If you are an experienced A.B. seaman, you may get one day of safety training and three days of working as a dock worker in Seattle before sailing, to familiarize you with the cargo operation. If you’ve never been to sea before, the training may be more intensive. A “greenhorn” can expect a couple weeks of training before they sail.
We run training camps in January and May for new hires, utilizing our crew members as trainers. There are hands-on sessions lasting two to three weeks, covering cargo operations, basic seamanship, and safety. Trainees stay on a ship at our Seattle facility, with food provided. At other times of the year, training might consist of one or two weeks working alongside our dock workers performing cargo operations.
QUESTIONS ABOUT WORK SCHEDULING
If I am hired, what will my work look like as a new deckhand or wiper?
New crew can expect to move from ship to ship for the first year of employment, working as deckhand or wiper as needed. New people act as relief crew until they have enough merit to move up the ranks. By switching between work as deckhand or wiper, you will gain valuable knowledge about the entire operation.
How many months a year will I have to work?
That’s something worked out between you and the Port Captain. Most A.B.s, deckhands, wipers, and cooks sail six to nine trips a year (144-216 days), with time off between trips that may last 28 days or up to three months. It largely depends on the person and their needs.
Will I have to work Christmas or in August?
If you are one of our newer crew members, count on working Christmas and August. We’ve all had to do it, and it’s part of working your way up.
QUESTIONS ABOUT LIVING CONDITIONS ABOARD THE BOAT
What’s the Wi-Fi situation on board?
We have Wi-Fi aboard all our vessels, even while at sea. We have stronger connections at our terminals in Seattle and Dutch Harbor. Streaming services will be slow, but other internet services are readily available.
What kind of a room will I get? Do I get my own bathroom?
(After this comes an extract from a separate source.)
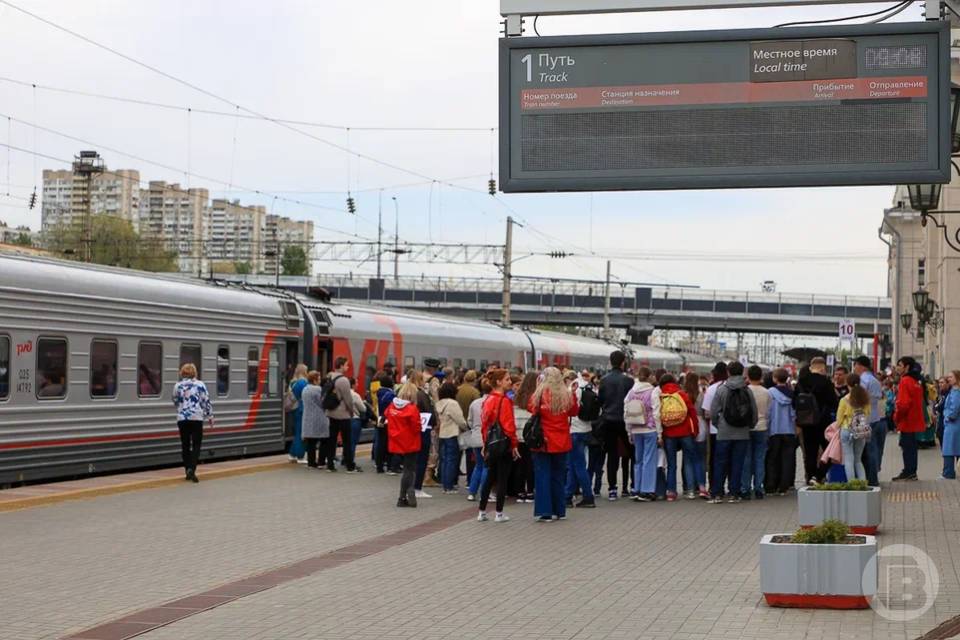В Волгоградской области больше 27,5 тыс. пассажиров ж/д стали участниками различных турпроектов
Each person gets their own cabin. These small rooms have a bunk and a locker, and most cabins have desks. Many (but not all) have TVs that you can plug your device into, but there is no TV reception at sea. The “head” (restroom) is shared.
How is the food?
The food is generally very good. Seamen can be surprisingly picky about what they eat and very health conscious. That said, don’t count on a vegan option. Honestly, your biggest danger with the food on board is putting on weight because people like it so much!
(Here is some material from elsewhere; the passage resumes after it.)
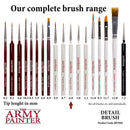 The Army Painter: Detail Brush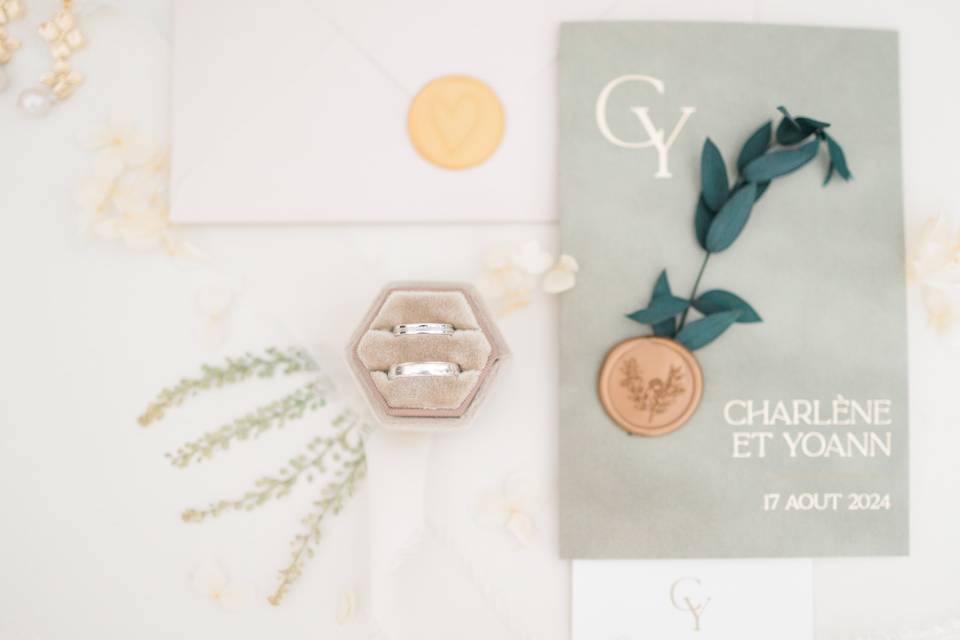 Flat-Lay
QUESTIONS ABOUT WORKING CONDITIONS
Is the work hard?
Yes, the work is very hard. If you don’t like hard work, please apply somewhere else. Our mariners are at the top of their game. They get the job done using brains, skill, muscle, and a fierce work ethic. No whining, no excuses. If that doesn’t sound like you, you would not be a good fit for this job.
What is “handstacking”?
Handstacking is stacking cases of frozen fish in the hold by hand, a practice which we stopped in 2012. Since then, loading operations have been 100% palletized with forklifts. Our crew members do stack cases of fish on occasion to change pallet-load heights, but the work is nothing like “handstacking.”
How do I keep my job?
You will be observed for four voyages before we decide whether you have what it takes to stay with the fleet. Reasons for dismissal could include things like drug use, alcohol, laziness, bad attitude, and simply not being fast enough for the job.
How does the company treat its crew?
We look upon our mariners as the best of the best. Once you prove yourself to the fleet, we try to keep you happy, as best we can. We value a good work ethic and the tremendous skills our experienced people bring to the job, and we do our best to acknowledge that in both word and action.
What type of person excels at this job?
Our most successful mariners are high-energy professionals with a need for constant physical movement, who work well as a crew.
How do I increase my pay?
We pay our mariners based on merit. We obviously reserve the highest pay for our most experienced longtime employees. We will not disrespect our skilled employees by paying unexperienced people the same amount as what our experienced people earn. To expect top pay, you need to become highly skilled in driving a forklift in a ship’s hold, operating yard-and-stay cargo gear, lashing down deck cargo, building “chain walls” quickly, etc.